A motion was passed by the NUS to stop organisation with The Socialist Workers Party but the SWP threatened legal action should the motion be accepted
The Socialist Workers’ Party (SWP) have come under fire in recent years for ‘rape apologism’. A senior ranking member, only known as ‘Comrade Delta’, was accused of sexually assaulting a young female member of the party.
The organisation chose not to involve police, instead using their own disputes committee to handle the matter. During the trial, the woman who had made the allegations of the attack was reportedly asked intimate questions such as her drinking habits and her sexual history.
The internal review resulted in Comrade Delta being cleared of all charges, and evidence was never handed over to police for further scrutiny.
This has led to many people accusing the SWP of ‘rape apologism’ and perverting the course of justice in an attempt to protect its senior members. It also led to many members resigning in protest of the ‘cover up’.

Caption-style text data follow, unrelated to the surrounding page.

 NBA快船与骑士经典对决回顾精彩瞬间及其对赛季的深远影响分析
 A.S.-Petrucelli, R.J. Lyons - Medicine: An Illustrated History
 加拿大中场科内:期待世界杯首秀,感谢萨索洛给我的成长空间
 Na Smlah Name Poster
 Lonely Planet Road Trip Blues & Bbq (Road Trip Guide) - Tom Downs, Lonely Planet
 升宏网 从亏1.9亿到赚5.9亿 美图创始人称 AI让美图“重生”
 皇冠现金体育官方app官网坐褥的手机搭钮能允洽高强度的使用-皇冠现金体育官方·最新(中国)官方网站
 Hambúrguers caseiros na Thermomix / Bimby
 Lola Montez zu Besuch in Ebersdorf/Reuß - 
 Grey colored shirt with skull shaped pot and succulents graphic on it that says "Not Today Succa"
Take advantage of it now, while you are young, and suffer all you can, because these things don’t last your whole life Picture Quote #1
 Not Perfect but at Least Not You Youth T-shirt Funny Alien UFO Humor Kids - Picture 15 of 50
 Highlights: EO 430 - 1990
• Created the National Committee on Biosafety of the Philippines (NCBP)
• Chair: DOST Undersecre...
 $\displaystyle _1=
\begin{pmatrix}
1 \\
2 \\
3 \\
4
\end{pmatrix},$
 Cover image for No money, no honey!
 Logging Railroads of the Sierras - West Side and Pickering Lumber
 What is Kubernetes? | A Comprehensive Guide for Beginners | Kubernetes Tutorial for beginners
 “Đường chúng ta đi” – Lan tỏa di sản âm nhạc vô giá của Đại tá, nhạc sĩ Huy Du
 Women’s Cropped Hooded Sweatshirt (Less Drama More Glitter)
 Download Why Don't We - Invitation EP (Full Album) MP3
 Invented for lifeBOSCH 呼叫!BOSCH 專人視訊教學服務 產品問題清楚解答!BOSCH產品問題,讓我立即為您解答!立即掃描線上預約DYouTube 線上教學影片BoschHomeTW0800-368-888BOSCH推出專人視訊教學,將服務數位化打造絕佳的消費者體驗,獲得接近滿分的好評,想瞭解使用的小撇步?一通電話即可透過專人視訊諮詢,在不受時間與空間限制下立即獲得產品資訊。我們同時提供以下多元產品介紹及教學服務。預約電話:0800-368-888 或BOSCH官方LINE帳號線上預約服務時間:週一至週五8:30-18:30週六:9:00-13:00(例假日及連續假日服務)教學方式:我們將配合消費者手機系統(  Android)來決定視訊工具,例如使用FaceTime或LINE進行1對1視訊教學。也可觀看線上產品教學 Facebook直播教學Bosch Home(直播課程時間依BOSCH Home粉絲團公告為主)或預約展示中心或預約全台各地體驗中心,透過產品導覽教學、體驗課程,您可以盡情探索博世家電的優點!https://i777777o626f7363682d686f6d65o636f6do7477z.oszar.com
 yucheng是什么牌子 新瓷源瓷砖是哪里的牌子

In response to this, a motion was submitted to the NUS National Executive Council (NEC) to cut ties between the NUS and the SWP. The motion proposed to support students’ unions nationally in preventing the SWP or its affiliated organisations from being invited to campus.
An amendment proposed by NUS Women’s Officer Hareem Ghani went further and called on NUS delegates to refuse to speak at events organised by the SWP or it’s affiliates.
Ghani later tweeted a screen-grab of an email sent to the NUS senior leadership by the SWP, threatening legal action.
The email states, “If this motion is passed [it is] sanctioning harassment and intimidation of our members then we reserve the right as a party and also as individual members of the SWP to take legal action against the NUS.’
Despite these threats, the motion and the amendment were both passed by the NUS NEC. It remains to be seen whether or not the SWP will move to take legal action against the NUS.
Both the SWP and NUS have been approached for comment.